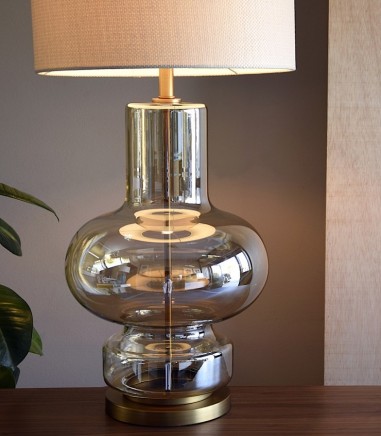 Lámpara mesa salón dorada cristal ámbar con pantalla - VP Interiorismo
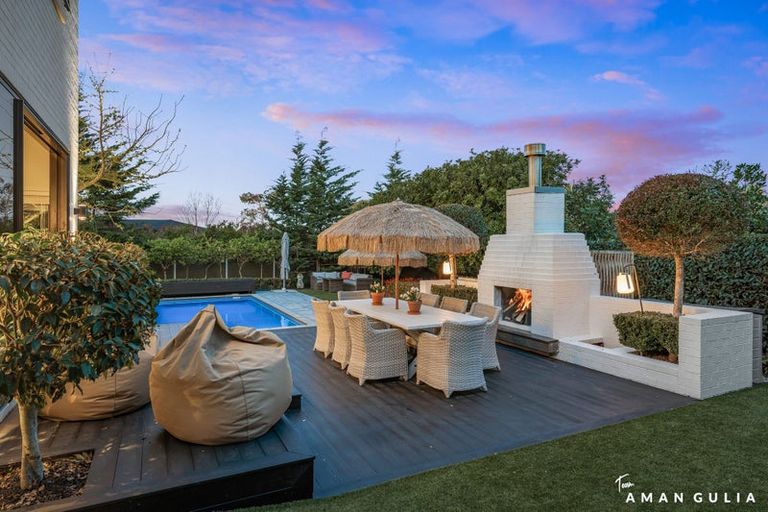 Photo of property in 11b Greenhithe Road, Greenhithe, Auckland, 0632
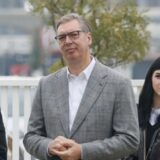 رئيس صربيا السابق يقر بالهزيمة أمام قائمة الاحتجاجات الطلابية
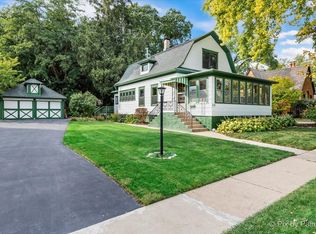 112 S Hickory Ave, Bartlett, IL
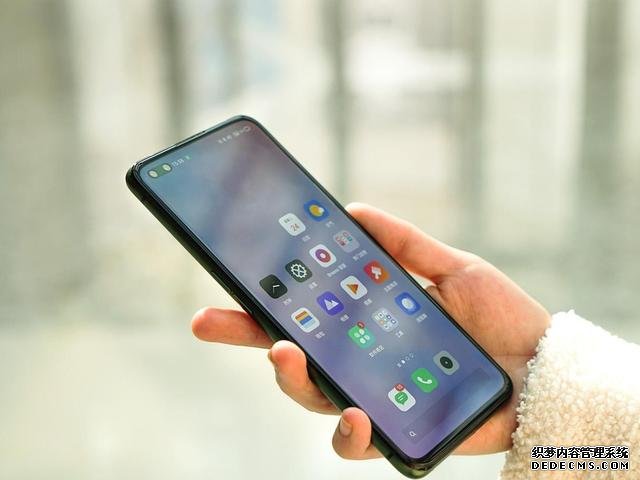 從3599降至2799，驍龍865+8GB+90HZ三星屏+65W，如今很值得
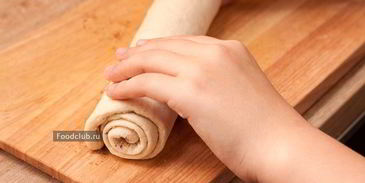 слоеные булочки с корицей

....

Please reproduce the material above word for word, without its images.

Task answer:
 Lámpara mesa salón dorada cristal ámbar con pantalla - VP Interiorismo
 Photo of property in 11b Greenhithe Road, Greenhithe, Auckland, 0632
 رئيس صربيا السابق يقر بالهزيمة أمام قائمة الاحتجاجات الطلابية
 112 S Hickory Ave, Bartlett, IL
 從3599降至2799，驍龍865+8GB+90HZ三星屏+65W，如今很值得
 слоеные булочки с корицей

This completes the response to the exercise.